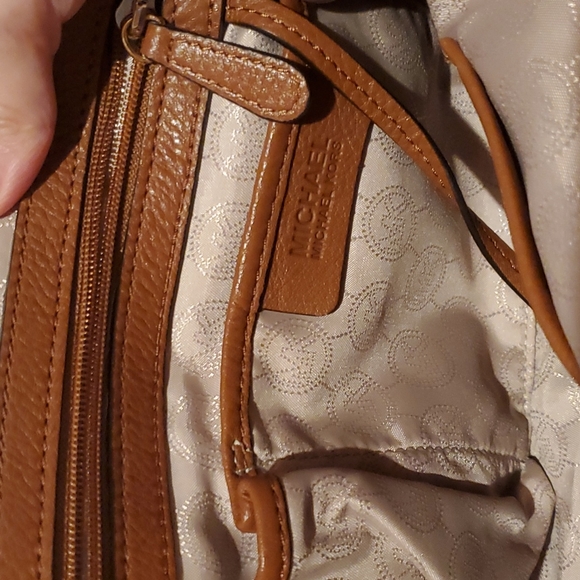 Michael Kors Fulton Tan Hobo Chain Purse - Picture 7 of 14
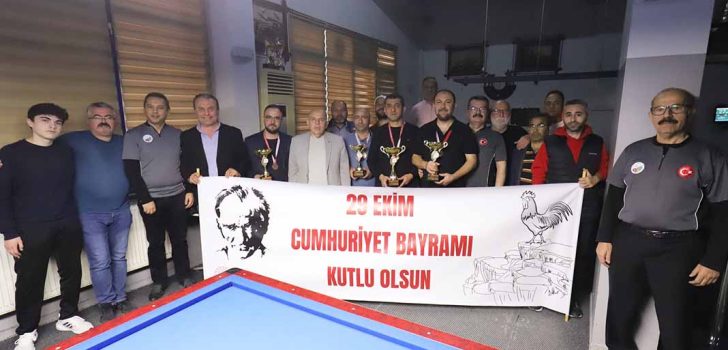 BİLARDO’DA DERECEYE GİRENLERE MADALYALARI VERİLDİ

·····

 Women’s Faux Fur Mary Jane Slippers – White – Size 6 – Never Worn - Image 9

·····

Exactly the lines above from the one that contains "Michael Kors Fulton" down to the one that contains "BİLARDO’DA DERECEYE GİRENLERE" are to be output, both ends kept and pictures omitted.

FINISHED EXERCISE:
 Michael Kors Fulton Tan Hobo Chain Purse - Picture 7 of 14
 BİLARDO’DA DERECEYE GİRENLERE MADALYALARI VERİLDİ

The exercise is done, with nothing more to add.